Relaxations are one of the main ways classical solvers reason about huge search spaces. Instead of checking every possible binary assignment, they solve easier related problems to prove that some regions are promising and others are not.
This idea will return when we discuss quantum optimization. Mapping a problem to QUBO or Ising form is not the only possible path. Sometimes a classical relaxation gives excellent bounds or even a near-complete solution before any quantum computation is considered.
3.10 Why Classical Methods Matter for Variational Quantum Algorithms
Variational quantum algorithms are hybrid. This means classical optimization is not outside the quantum algorithm; it is part of the algorithm.
A typical variational quantum optimization loop works like this:
- Choose parameters for a quantum circuit.
- Run the circuit many times.
- Measure bitstrings or expectation values.
- Estimate a cost.
- Use a classical optimizer to choose new parameters.
- Repeat.
The quantum computer does not usually decide its own next parameters. The classical optimizer does.
For continuous circuit parameters, methods related to gradient descent may be used. In noisy settings, gradient-free or stochastic methods may be preferred. Chapter 9 will study those choices carefully.
For the underlying discrete optimization problem, methods such as simulated annealing, local search, branch and bound, and integer programming often provide baselines.
This creates two layers of classical comparison.
The first layer is parameter optimization:
How well does the classical optimizer train the quantum circuit?
The second layer is problem optimization:
How well does the final quantum method solve the original optimization problem compared with classical solvers?
Both questions matter.
A QAOA experiment may fail because the quantum circuit is not expressive enough, because the measurements are too noisy, because the classical optimizer gets stuck, or because the problem is simply easier for a classical solver. Without classical optimization knowledge, these causes are easy to confuse.
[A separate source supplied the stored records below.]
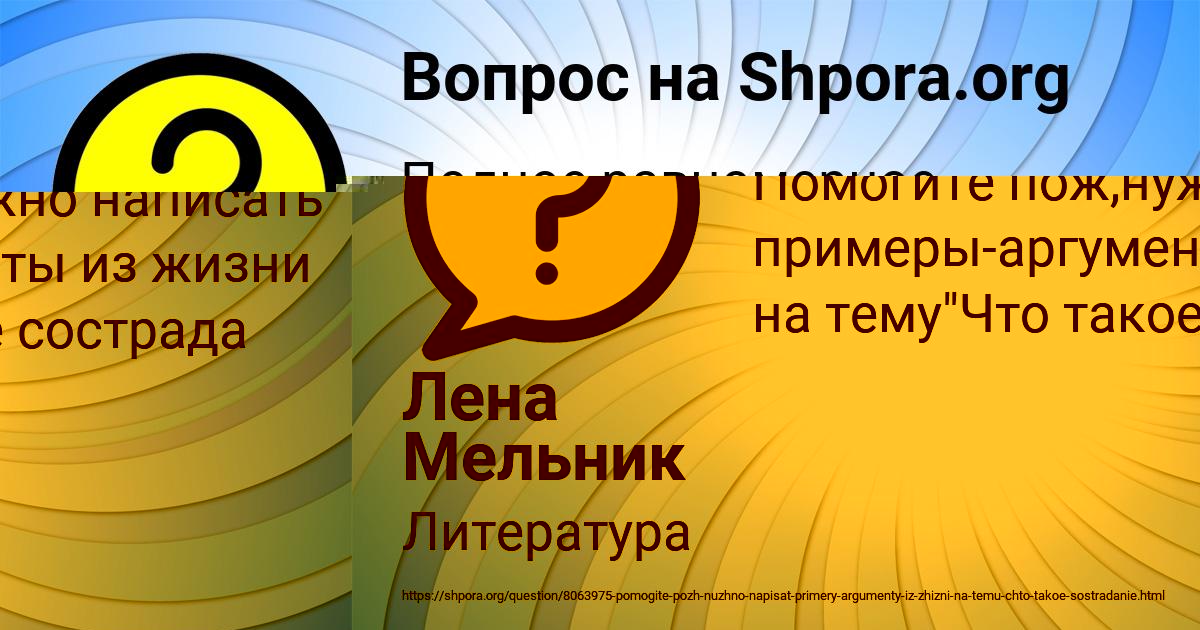 Картинка с текстом вопроса от пользователя Gosha Pavlovskiy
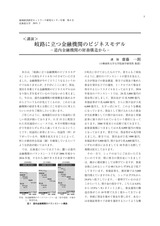 本文 (FullText)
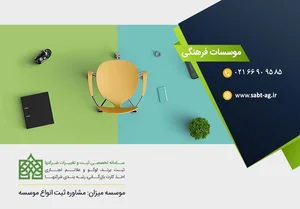 مرکز سوئیچ شهری حضرت قائم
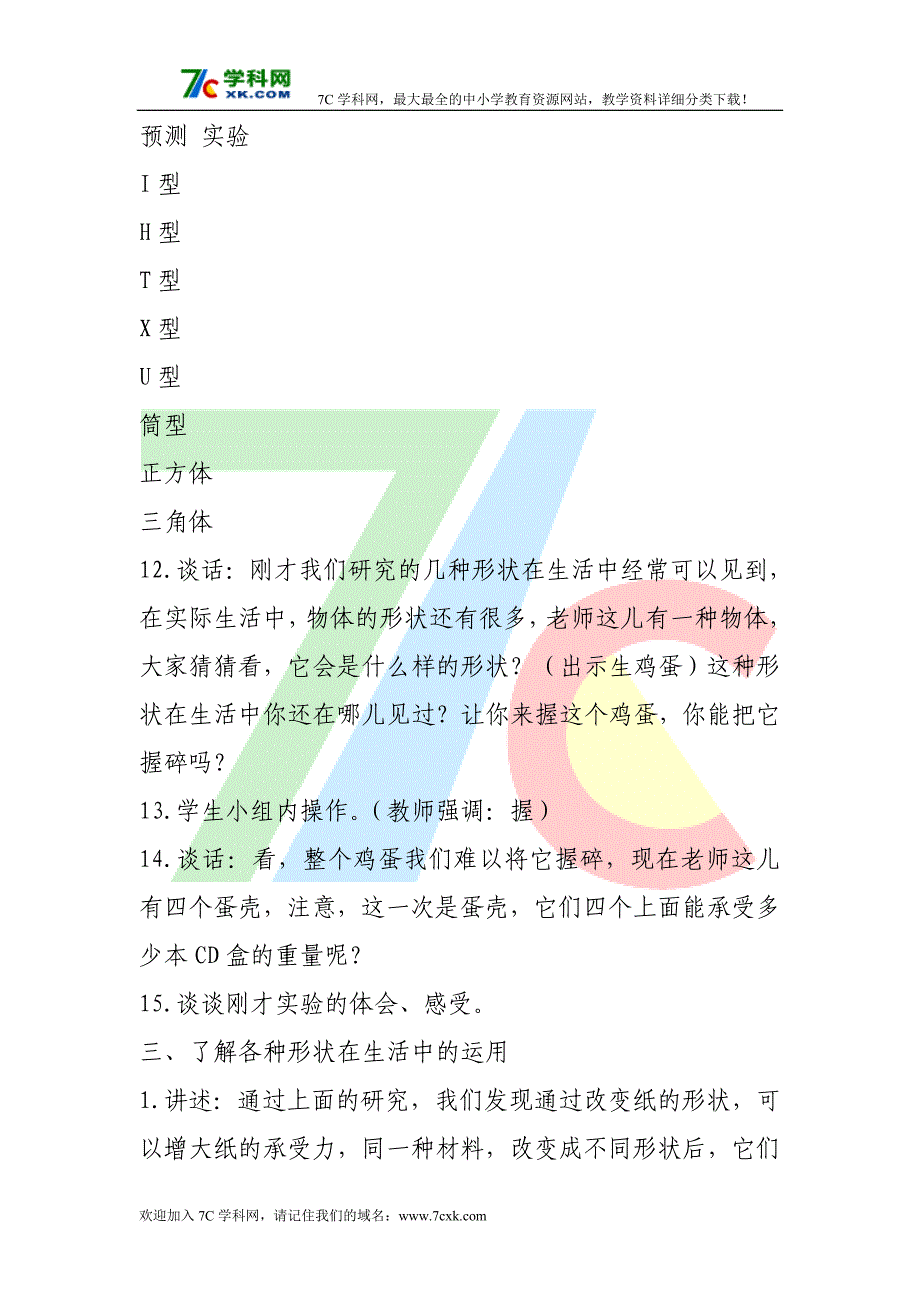 苏教版科学五下《折形状》教案_第4页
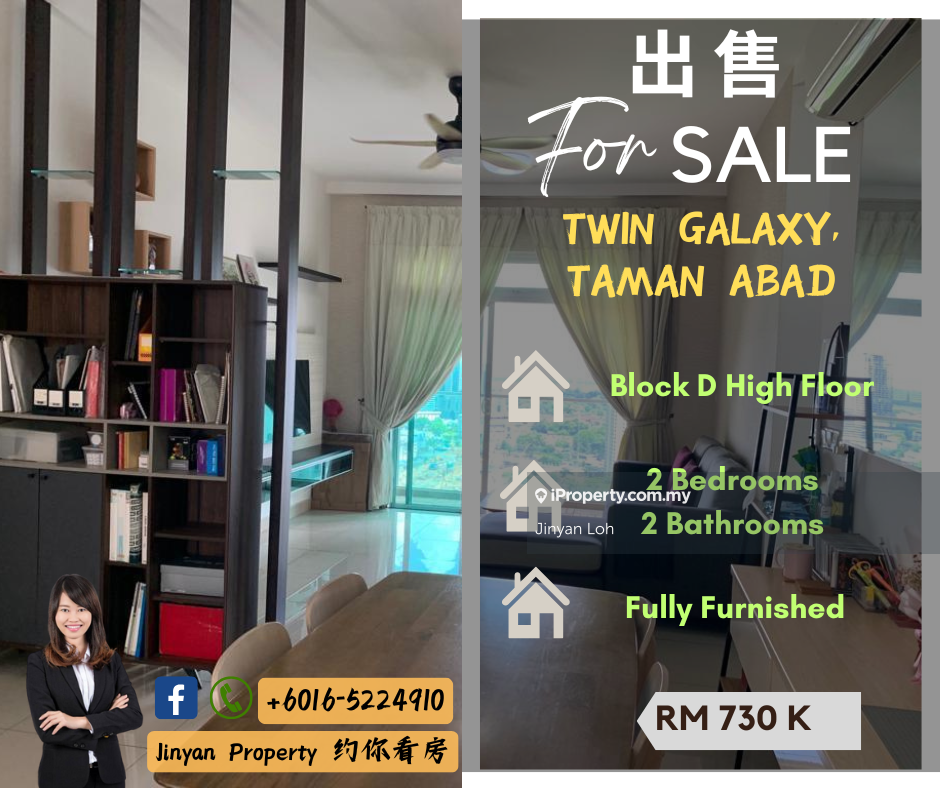 Twin Galaxy,Dwi Galaksi,Taman Abad,Johor Bahru,2 Bedroom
3.11 A Small Example: Comparing Methods on a Binary Problem
Let us use a tiny binary optimization problem to see how the methods differ.
Suppose we have four binary variables,
\[ x_1, x_2, x_3, x_4 \in \{0,1\}, \]
and we want to minimize
\[ C(x) = -3x_1 - 2x_2 - 4x_3 - x_4 + 5x_1x_3 + 2x_2x_4. \]
This is a quadratic binary objective because it contains products such as \(x_1x_3\). Problems of this kind are closely related to QUBO models, which we will study in Chapter 11.
There are only
\[ 2^4 = 16 \]
possible assignments, so we could solve this by brute force. But imagine there were 400 variables instead of 4. Then brute force would be impossible.
Different classical methods would approach the problem differently.
A local search heuristic might start from
\[ x = (0,0,0,0) \]
and flip one bit at a time if the flip improves the cost.
Simulated annealing might also flip bits, but it might sometimes accept a worse flip to escape a local minimum.
Branch and bound would build a search tree by fixing variables and pruning branches whose bounds show they cannot beat the current best solution.
Integer programming would express the binary variables and quadratic terms in a solver-friendly form, possibly using additional variables to linearize products.
An approximation algorithm might apply if the problem belongs to a class with known guarantees.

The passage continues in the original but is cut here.